EXERCISE INSTRUCTIONS =>
Produce a word-for-word copy of the listing below without its pictures.

--- SUPPLIED INFORMATION ---

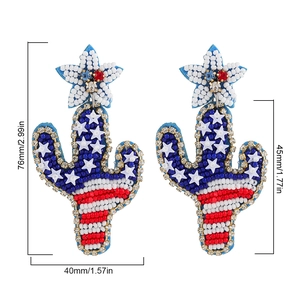 Detailed view of red, white, and blue beaded cactus earrings with size dimensions shown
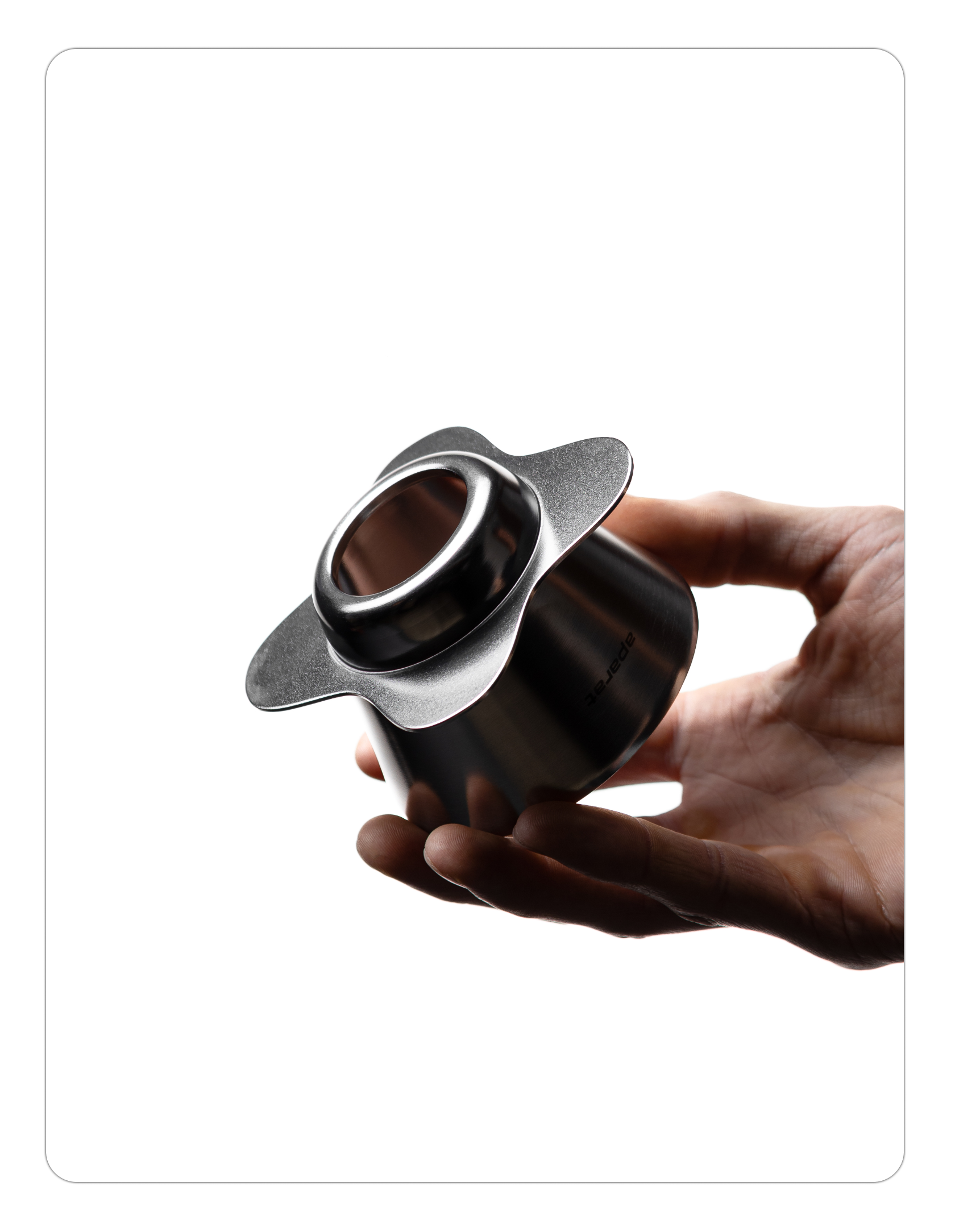 A person holding the silver Orea O1 brewer upside down, showing the circular bottom opening and the smooth, industrial raw steel finish of the petal-shaped base.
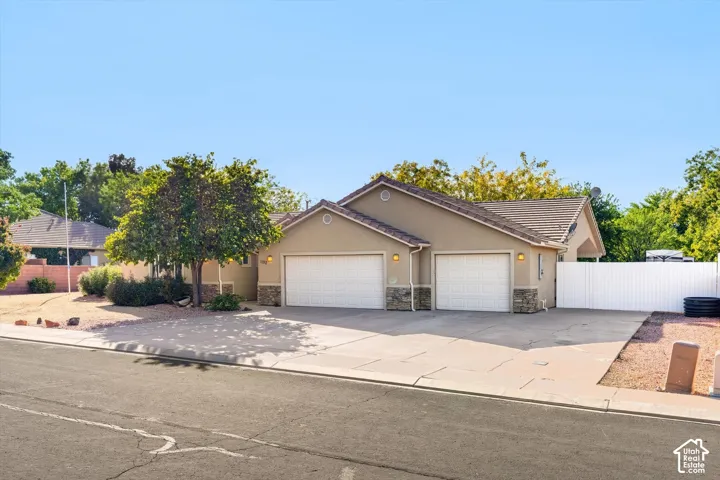 Single-story exterior featuring a stucco facade, stone veneer accents, concrete driveway, two-car garage, and white privacy fencing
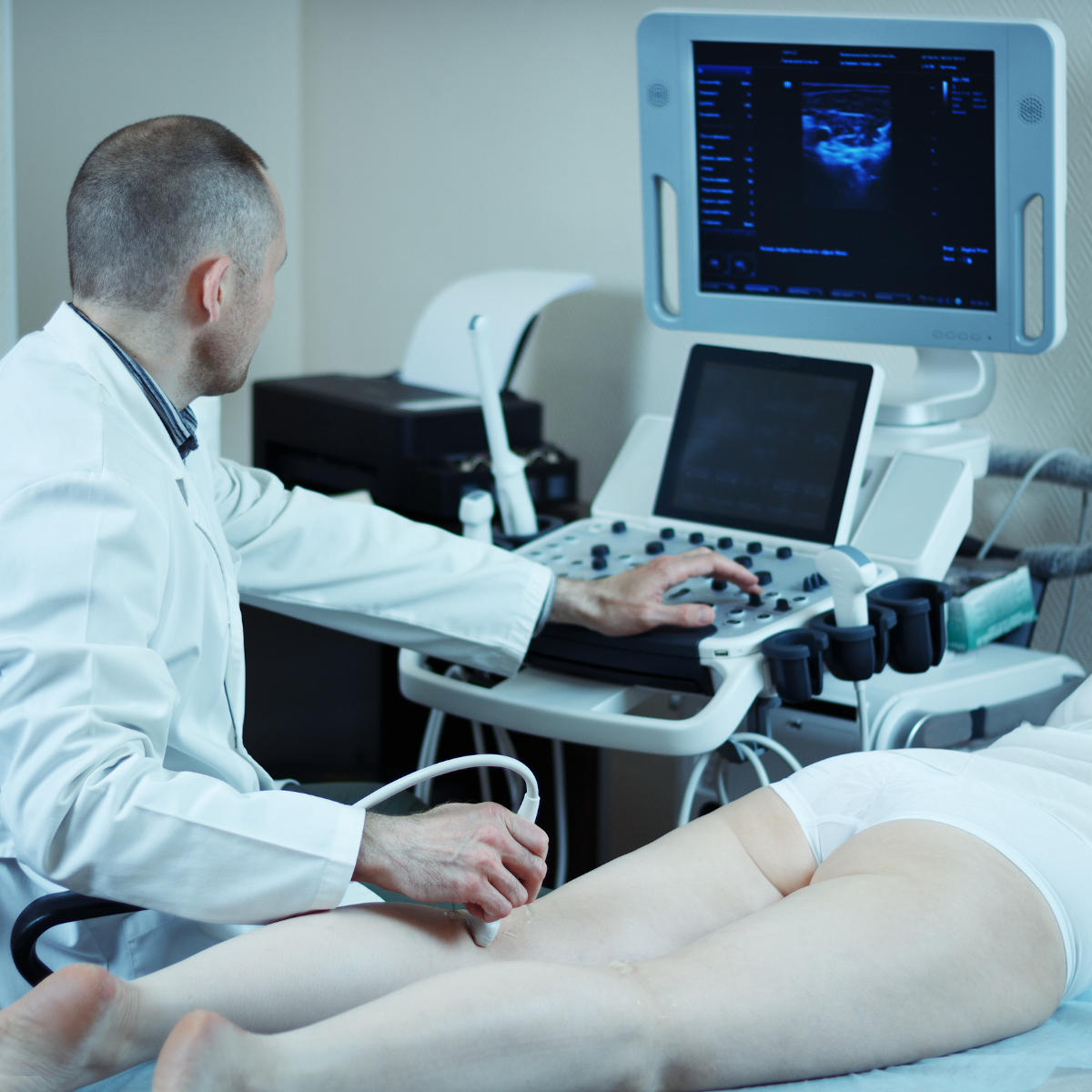 Medico che sottopone una paziente all'esame ecocolordoppler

---

WRITTEN ANSWER =>
 Detailed view of red, white, and blue beaded cactus earrings with size dimensions shown
 A person holding the silver Orea O1 brewer upside down, showing the circular bottom opening and the smooth, industrial raw steel finish of the petal-shaped base.
 Single-story exterior featuring a stucco facade, stone veneer accents, concrete driveway, two-car garage, and white privacy fencing
 Medico che sottopone una paziente all'esame ecocolordoppler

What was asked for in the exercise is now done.